Social historian Thomas Brown, a faculty member at Lamar University, Beaumont, Texas has corroborated this in a 2004 research paper. Brown explains that many East Indians were imported to the American colonies by way of England, arriving already Christianized and fluent in English. Others arrived as slaves who had been captured and sold. “It is impossible to confidently estimate the size of the South Asian population in the Western Shore counties, but “East Indians” outnumber “Indians” in the extant colonial records after 1710 or so,” acknowledges Brown.
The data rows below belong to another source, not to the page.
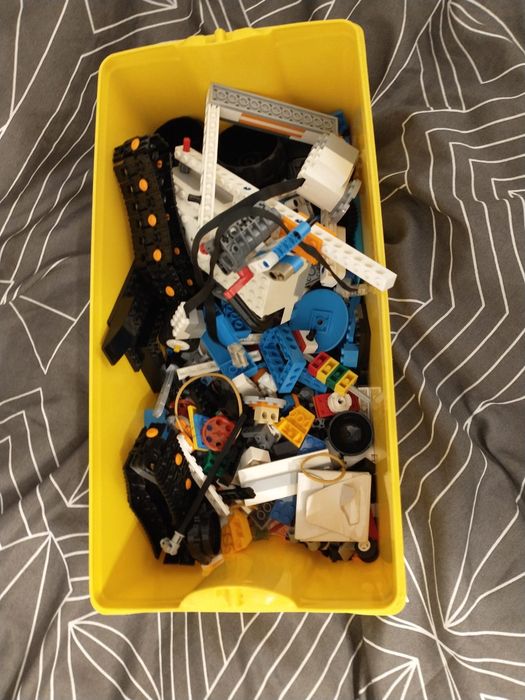 Zestaw kreatywny LEGO Boost 17101 5w1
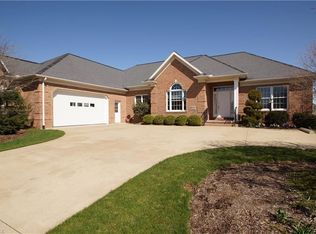 156 Countryview Ave, Dalton, OH 44618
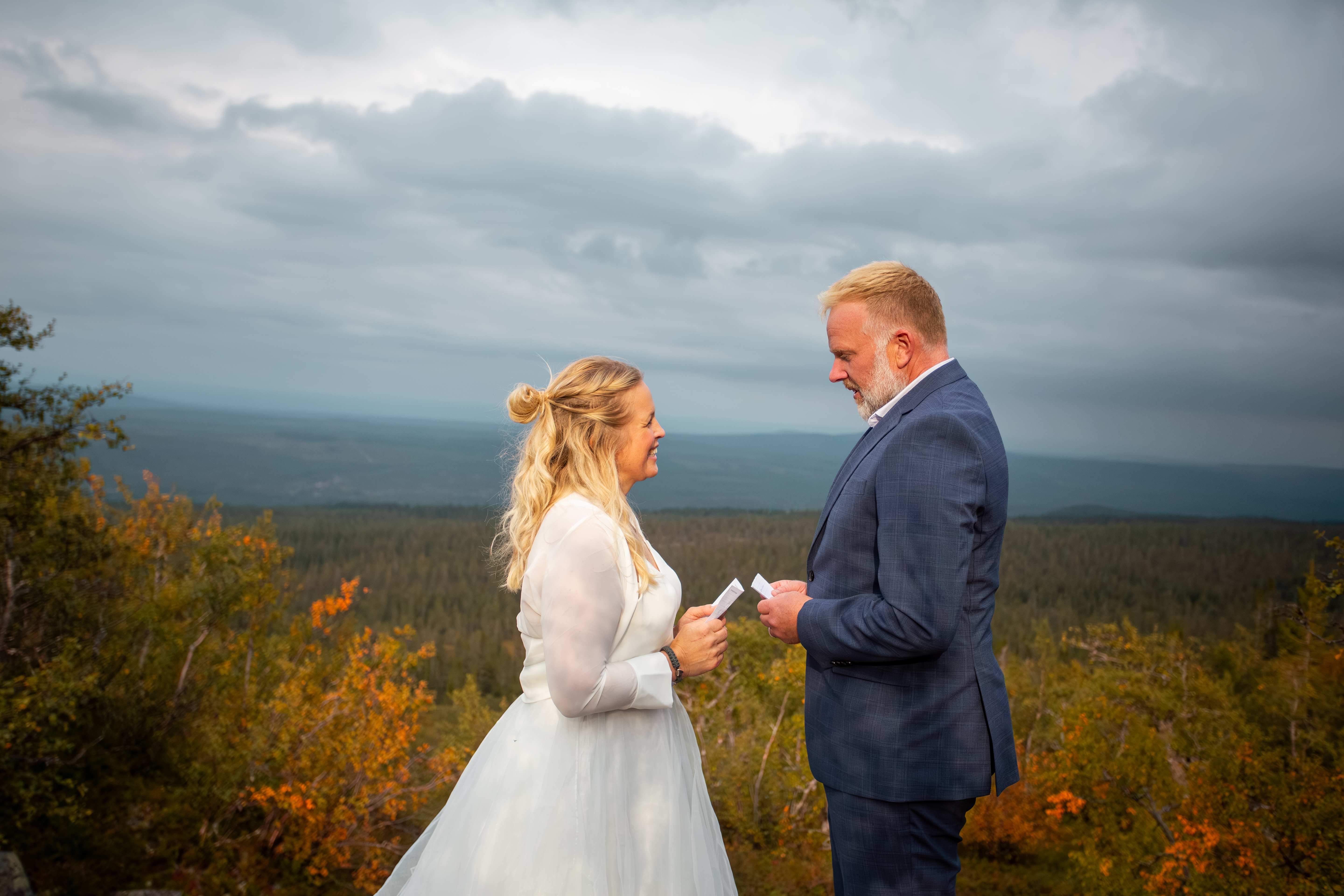 Fulufjället Elopement Guide: Best Spots for Quiet Vows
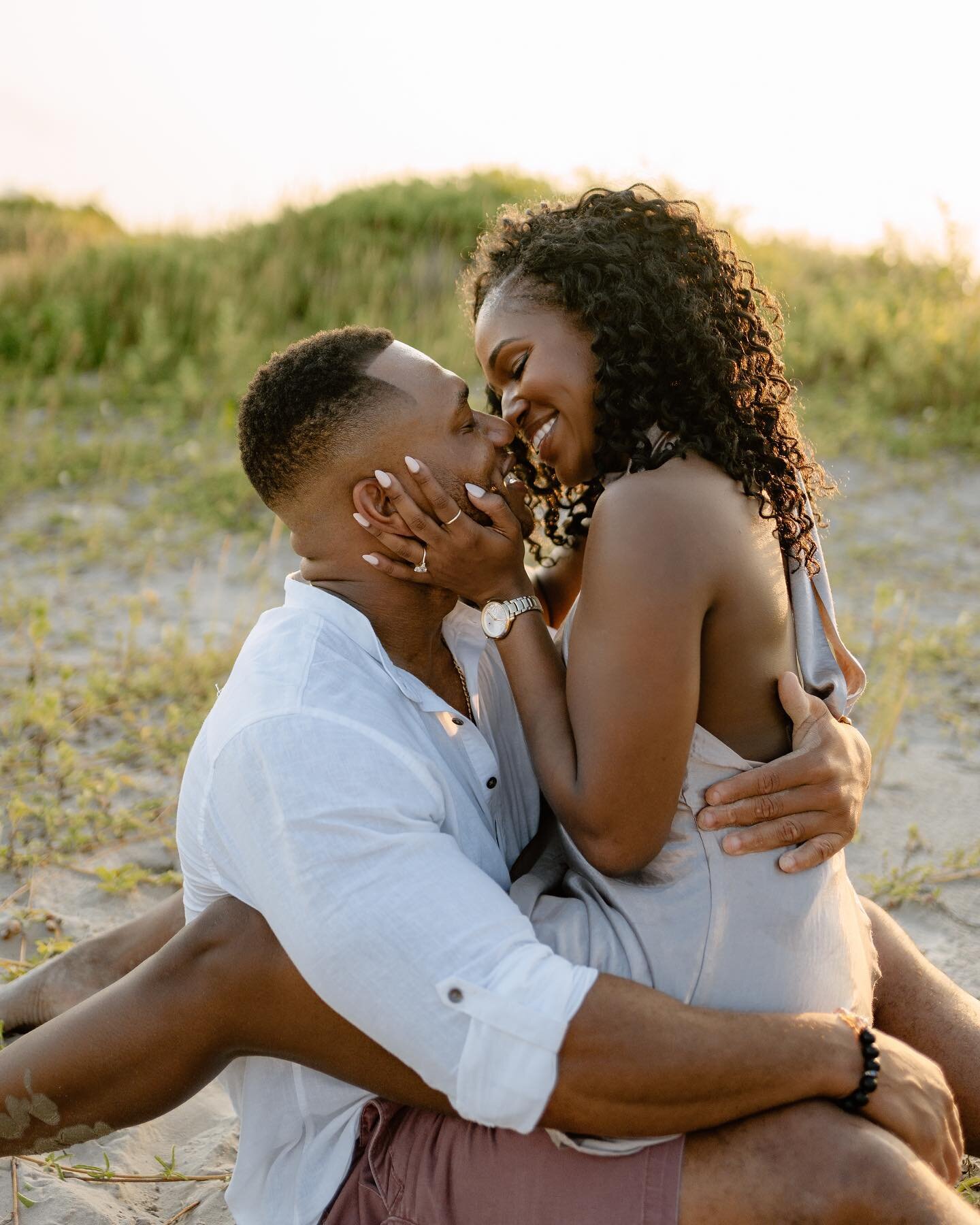 Lindsey just got back from a beach getaway with her girls&hellip;so obviously have to post this beach session we still aren&rsquo;t over 🥰✨

.
.
.
.
.
.
.
.
#theknottexas #wedhouston #texaswedding #texasweddingvenue #loveauthentic #houstonwedding #b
Furthermore, he claims: ‘In 18th century Chesapeake, South Asians stood out from sub-Saharan slaves both in culture and appearance. Since South Asians were a minority among the slave population, the community’s perception of their distinctiveness persisted for a longer period of time.’ And most surprisingly, Brown adds: ‘there was a significant contingent of “East Indian” slaves in the colonial Chesapeake.’ [Link]

When the Indolink article reprints ads placed to find runaway slaves, it just becomes sort of surreal for me:

  • The Virginia Gazette of 4 August 1768 describes one young “East Indian” as “a well made fellow, about 5 feet 4 inches high” who had “a thin visage, a very sly look, and a remarkable set of fine white teeth.” Another is identified as “an East India negro man” who speaks French and English.
  • On 13 July, 1776, the Virginia Gazette reported the run away of a “Servant Man named John Newton, about 20 Years of Age, 5 feet 5 or 6 Inches high, slender made, is an Asiatic Indian by Birth, has been about twelve Months in Virginia, but lived ten Years (as he says) in England, in the Service of Sir Charles Whitworth. He wears long black Hair, which inclines to curl, tied behind, and pinned up at the Sides; has a very sour Look, and his Lips project remarkably forward. He left his Master on the Road from Williamsburg, between King William Courthouse and Todd’s Bridge, where he was left behind to come on slowly with a tired Horse…” The advertisement by slave owner William Brown goes on: “he is a good Barber and Hair-Dresser, it is probable he may endeavour to follow those Occupations as a free Man. Whoever takes up the said Servant, and secures him in Gaol, giving me information thereof, so that I may get him again, shall have eight dollars Reward; and if delivered to me at Westwood, in Prince William, further reasonable Charges, paid by William Brown.” Another advertisement placed in the 19 July edition of the paper by the same William Brown, ups the reward amount to ten dollars with the added information that John Newton “shaves and dresses well, but is much addicted to liquor.”

For those of you that love history (always my favorite subject) I dug up a .pdf by Martha W. McCartney. Page 52 (out of 262 pages) has the reference to “Tony the East Indian”. There is another reference on page 133:

In 1737 when two male servants in Gloucestertown stole a pistol and some clothes and then spirited away on horseback, one was described as an “East Indian” (Parks, April 22, 1737).

The next time someone welcomes you to Virginia, welcome them back. Your peoples were at Jamestown.

Oh, and in somewhat related news.

54 thoughts on “"Welcome to America and the real world of Virginia"

  1. “a thin visage, a very sly look, and a remarkable set of fine white teeth.”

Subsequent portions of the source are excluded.